» **Task goal**:
Lines that contain the string "Keto" are the ones to list; copy all of them from the records.

» **Provided data**:
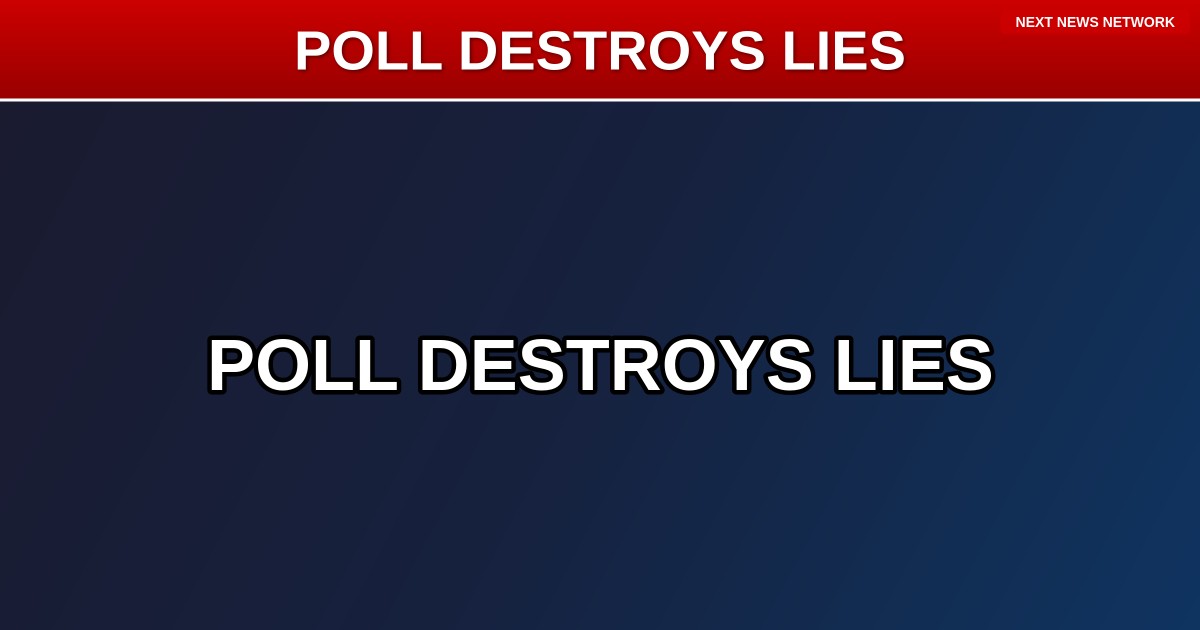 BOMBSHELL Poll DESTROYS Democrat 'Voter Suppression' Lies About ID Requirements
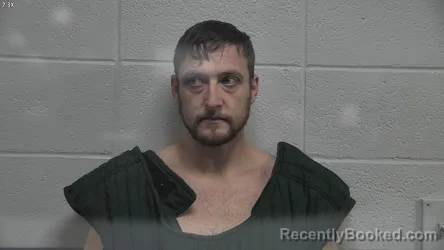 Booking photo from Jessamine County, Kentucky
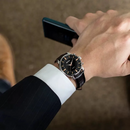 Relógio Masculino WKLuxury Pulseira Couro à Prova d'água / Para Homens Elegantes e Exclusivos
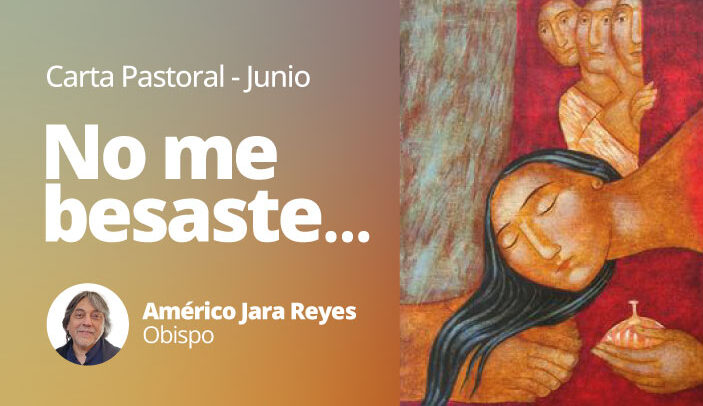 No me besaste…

==

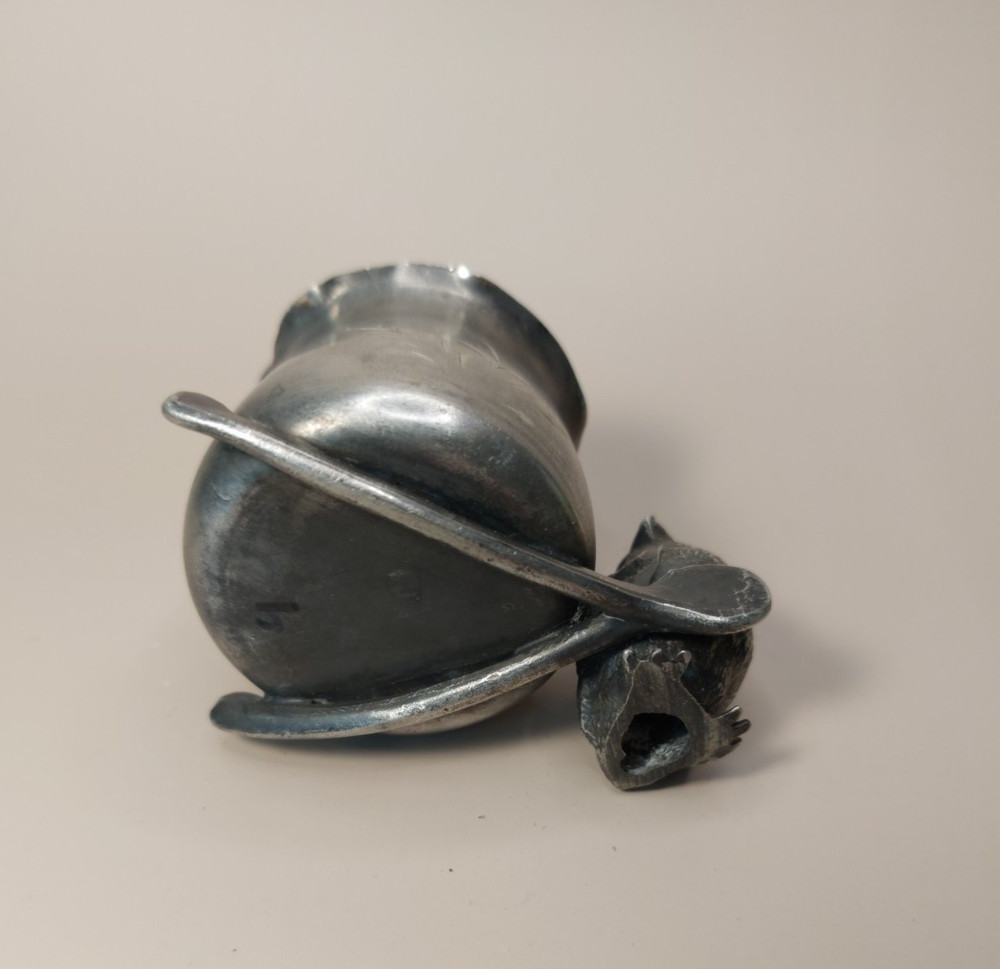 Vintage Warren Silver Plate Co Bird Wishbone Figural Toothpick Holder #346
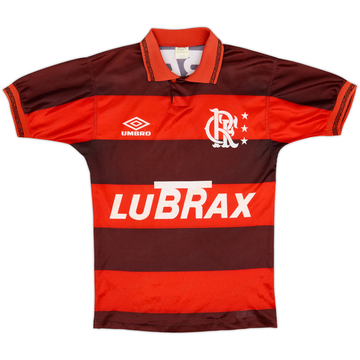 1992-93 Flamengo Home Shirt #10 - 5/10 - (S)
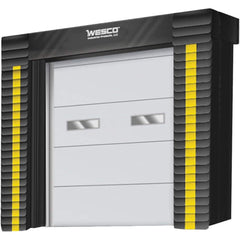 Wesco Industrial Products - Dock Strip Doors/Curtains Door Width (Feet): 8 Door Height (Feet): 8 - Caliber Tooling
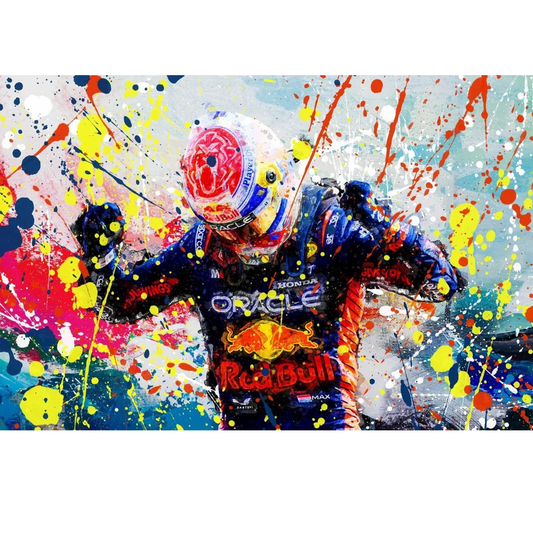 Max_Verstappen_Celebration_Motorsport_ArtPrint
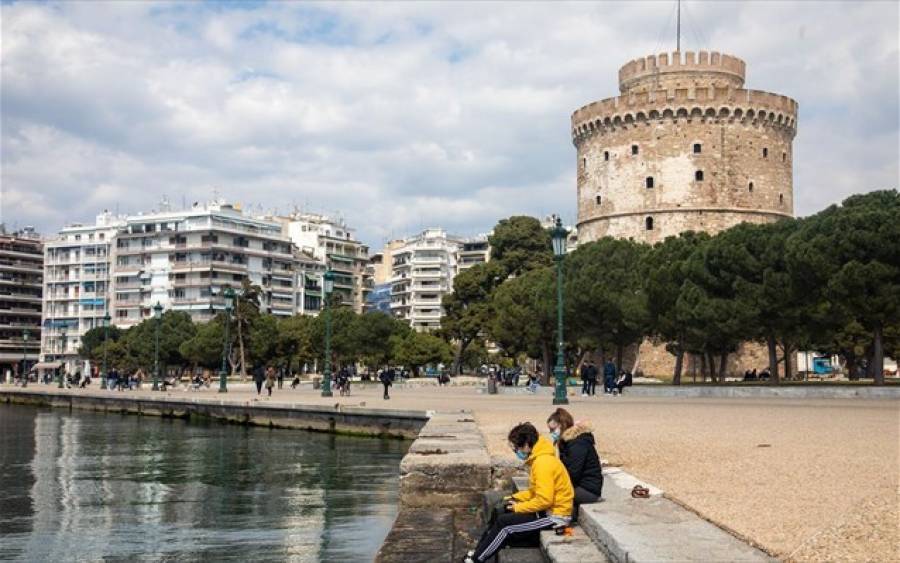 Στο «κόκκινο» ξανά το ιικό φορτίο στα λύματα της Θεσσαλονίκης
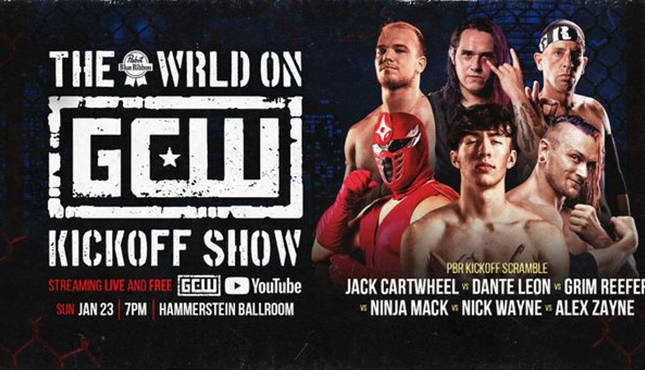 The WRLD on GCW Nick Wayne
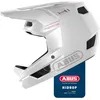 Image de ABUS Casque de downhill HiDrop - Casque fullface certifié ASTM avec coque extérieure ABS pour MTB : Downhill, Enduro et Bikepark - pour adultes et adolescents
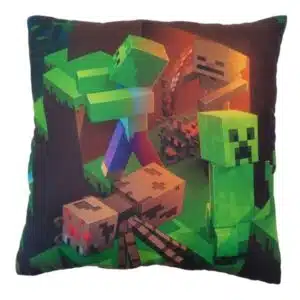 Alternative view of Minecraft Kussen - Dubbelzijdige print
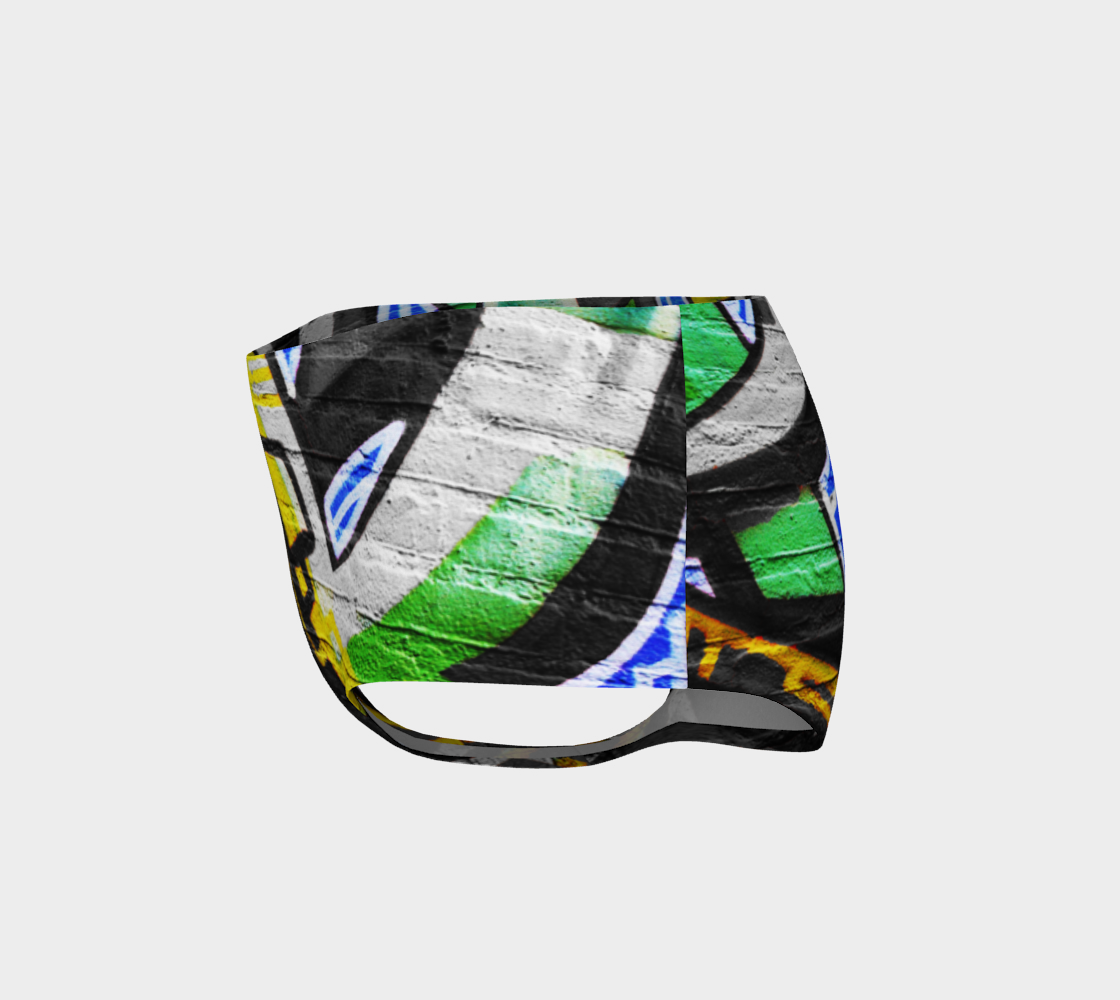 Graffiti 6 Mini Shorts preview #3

--

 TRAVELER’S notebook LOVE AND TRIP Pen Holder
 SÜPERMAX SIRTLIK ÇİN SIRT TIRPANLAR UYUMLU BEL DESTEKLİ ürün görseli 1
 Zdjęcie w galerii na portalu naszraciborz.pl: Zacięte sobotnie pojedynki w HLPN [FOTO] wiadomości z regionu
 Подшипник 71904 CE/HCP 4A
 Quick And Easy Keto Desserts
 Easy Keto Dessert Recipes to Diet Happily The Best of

» **Response**:
 Quick And Easy Keto Desserts
 Easy Keto Dessert Recipes to Diet Happily The Best of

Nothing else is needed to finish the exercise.